## ACTION ITEM
Transcribe, starting at the line with "Wheat on field against sky" and ending at the line with "Yavru maymun Punch'ın", every line of the material below exactly, but leave out the pictures and anything outside that span.

## WORKING DATA
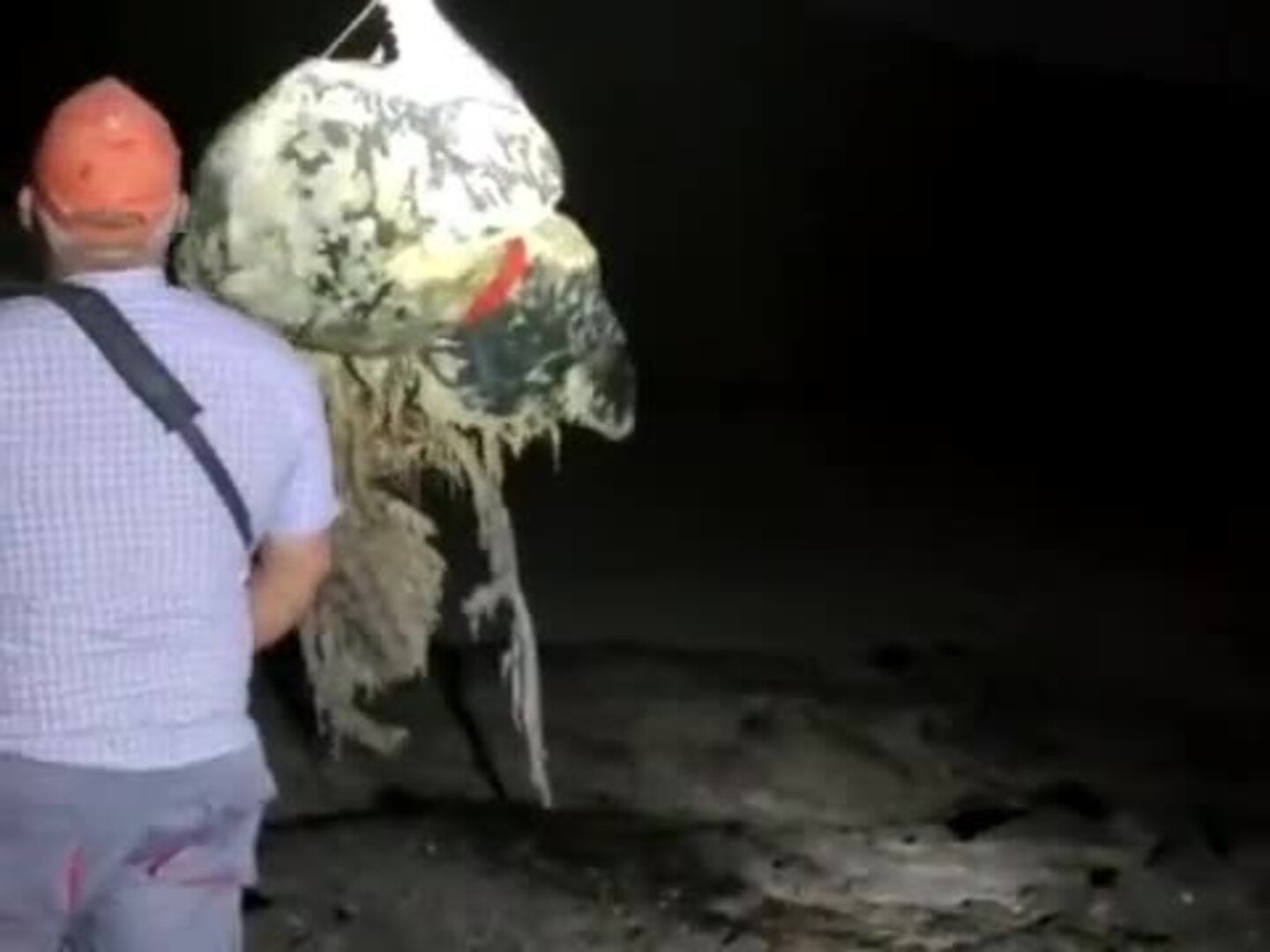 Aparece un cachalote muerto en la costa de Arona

--

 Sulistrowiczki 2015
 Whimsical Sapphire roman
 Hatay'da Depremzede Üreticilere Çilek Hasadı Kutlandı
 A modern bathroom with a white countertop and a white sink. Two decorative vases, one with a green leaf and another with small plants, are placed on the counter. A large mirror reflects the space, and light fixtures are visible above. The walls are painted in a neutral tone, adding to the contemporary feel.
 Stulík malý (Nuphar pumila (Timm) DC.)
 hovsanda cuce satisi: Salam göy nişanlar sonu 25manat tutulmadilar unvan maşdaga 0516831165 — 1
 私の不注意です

...

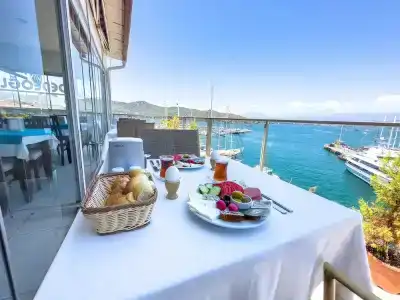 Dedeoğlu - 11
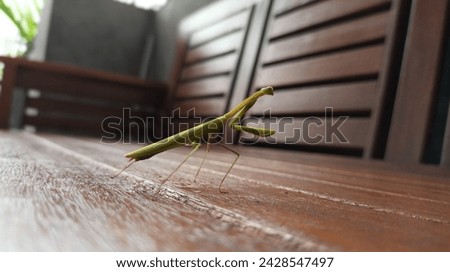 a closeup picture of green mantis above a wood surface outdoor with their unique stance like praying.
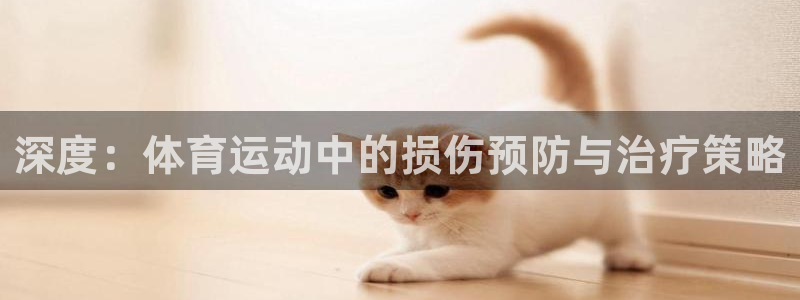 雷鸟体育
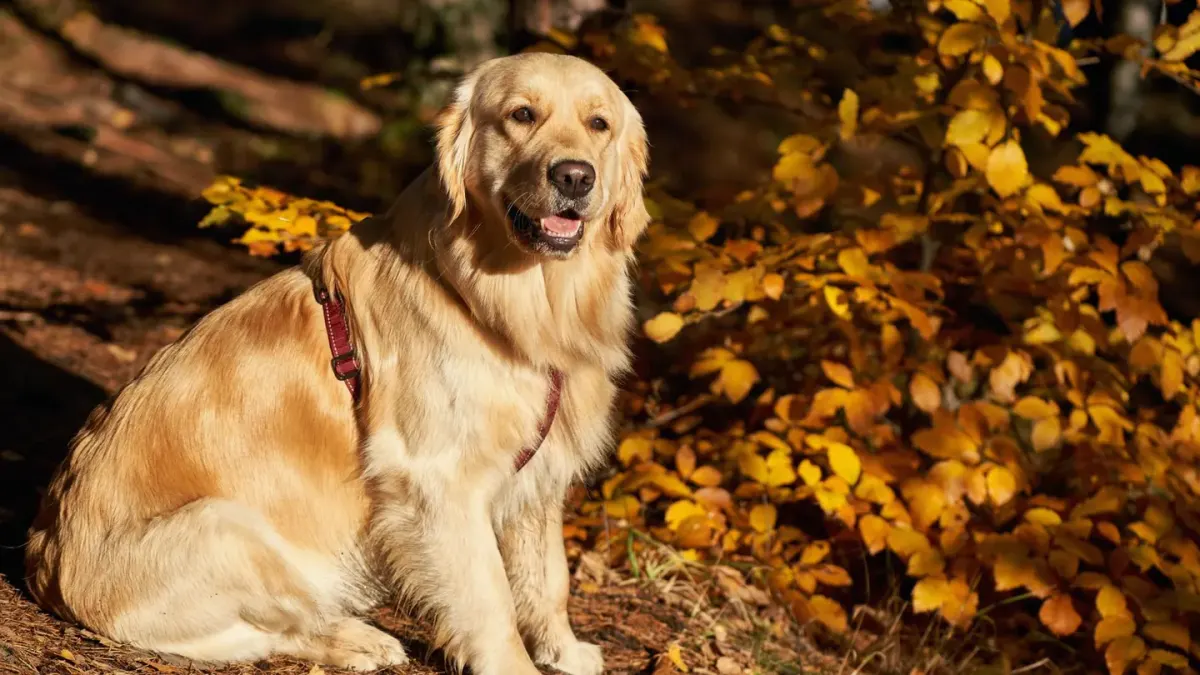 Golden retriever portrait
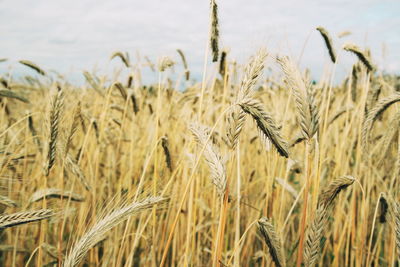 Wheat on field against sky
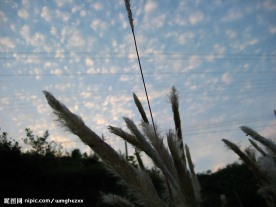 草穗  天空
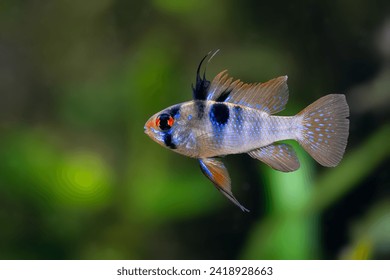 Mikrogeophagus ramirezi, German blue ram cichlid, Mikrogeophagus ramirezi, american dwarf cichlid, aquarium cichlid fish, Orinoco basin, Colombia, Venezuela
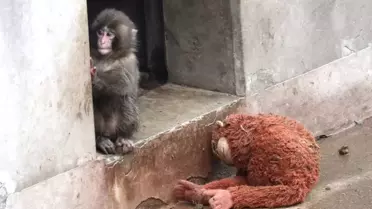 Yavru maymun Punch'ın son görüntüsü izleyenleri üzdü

## EXERCISE OUTPUT
 Wheat on field against sky
 草穗  天空
 Mikrogeophagus ramirezi, German blue ram cichlid, Mikrogeophagus ramirezi, american dwarf cichlid, aquarium cichlid fish, Orinoco basin, Colombia, Venezuela
 Yavru maymun Punch'ın son görüntüsü izleyenleri üzdü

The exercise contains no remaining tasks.